# Finding deleted items in an ordered list?

• January 24th, 2013, 01:01 AM
ottom
Finding deleted items in an ordered list?
Hello,

is there a good algorithm for finding deleted items in an ordered list?
The ids are autoincremented such that a deleted id will never be used (un-deleted) again.

Example:

t=1
source list: 1,2,3,4,5,6,7,8,9
target list: 1,2,3,4,5,6,7,8,9
first sync: source is equal target

t=2
source list: 1,2,3,5,6,8,9 (4 and 7 were deleted)
target list: 1,2,3,4,5,6,7,8,9
challenge: find the deleted items in the source and delete them in the target

Current algorithm is very simple but slow:

1. save the start time of the iteration
2. iterate through all items of the source list and update the last check timestamp in the target
3. consider all items with last check timestamp older than the start time from 1 as deleted
4. double check that the items do not exist and delete them in the target

In the real application the length of the list is round about 10^6 items. Iterating through all items takes some time and produces much traffic.

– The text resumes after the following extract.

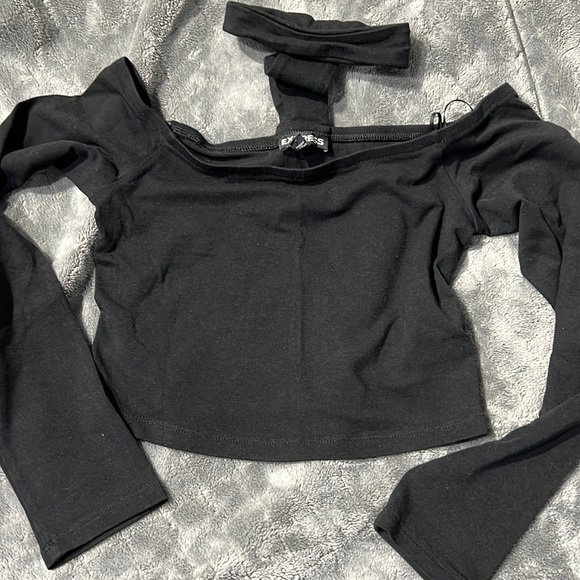 Express off the shoulder choker cropped top - Picture 2 of 2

Is there an algorithm that could do it faster?
I am thinking about some recursion with divide and conquer approach...
• January 24th, 2013, 01:37 AM
BioPhysEngr
Re: Finding deleted items in an ordered list?
Nothing seems fundamentally wrong with your algorithm. Execution time is O(n). I don't think you can improve that by divide and conquer.

I think the timestamping is a little unusual though. Instead, I think something like this will work:

Supposing two lists of numbers (src and tgt) and two indexes into those lists (srcIndex, tgtIndex):

Code:

```srcIndex = 0; tgtIndex = 0; loop:     if target[tgtIndex] < src[srcIndex]:         delete target[tgtIndex]         tgtIndex = tgtIndex + 1     else if srcIndex[srcIndex] < tgt[tgtIndex]:         srcIndex++     else: //Equal         tgtIndex++         srcIndex++```
Pretty much you step through the lists. On each iteration, if the value you're looking at in the source list (src[srcIndex]) is bigger than the value you're looking at in the target list tgt[tgtIndex], you know you've already "passed" where it should be in the source list, and you can delete it from target.

On the other hand if the source list value is smaller, just increment the value you're looking at until you either (a) exactly match the target value or (b) pass the target value. On the next iteration: if (a): don't delete, because we found the target value in the source list; if (b) do delete, because we passed it.

I think there is no logic bug there. You might just try to implement it and check. Nuzzle, look OK to you?